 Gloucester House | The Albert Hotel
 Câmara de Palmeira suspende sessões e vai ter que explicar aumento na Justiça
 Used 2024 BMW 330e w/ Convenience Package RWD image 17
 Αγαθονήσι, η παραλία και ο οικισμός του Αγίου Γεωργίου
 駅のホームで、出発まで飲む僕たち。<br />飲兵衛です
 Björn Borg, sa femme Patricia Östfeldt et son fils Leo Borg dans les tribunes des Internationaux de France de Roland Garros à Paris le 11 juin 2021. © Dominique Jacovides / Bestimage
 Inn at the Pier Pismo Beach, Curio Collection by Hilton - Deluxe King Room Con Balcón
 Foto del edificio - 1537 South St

Exercise prompt: Reproduce the records above exactly, starting with the line that contains "Inn at the Pier" and ending with the last line.

Written solution:
 Inn at the Pier Pismo Beach, Curio Collection by Hilton - Deluxe King Room Con Balcón
 Foto del edificio - 1537 South St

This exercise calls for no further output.